Task instructions
In the entries below, the lines from the one with "Sphenolithus cf bouketo 49637" through the one with "Bác sĩ cảnh" are to be copied exactly; both ends count.

Given records
◇ ◇ ◇ ◇ ◇ ◇ ◇

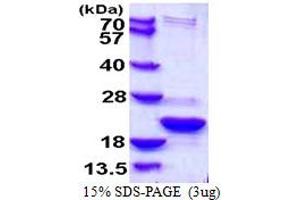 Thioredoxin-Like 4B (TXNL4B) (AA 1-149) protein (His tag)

◇ ◇ ◇ ◇ ◇ ◇ ◇

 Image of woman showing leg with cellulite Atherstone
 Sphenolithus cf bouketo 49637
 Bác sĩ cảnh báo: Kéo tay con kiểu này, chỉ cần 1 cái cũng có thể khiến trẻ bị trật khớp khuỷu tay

◇ ◇ ◇ ◇ ◇ ◇ ◇

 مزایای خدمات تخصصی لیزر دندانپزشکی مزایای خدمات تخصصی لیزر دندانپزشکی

◇ ◇ ◇ ◇ ◇ ◇ ◇

Written reply
 Sphenolithus cf bouketo 49637
 Bác sĩ cảnh báo: Kéo tay con kiểu này, chỉ cần 1 cái cũng có thể khiến trẻ bị trật khớp khuỷu tay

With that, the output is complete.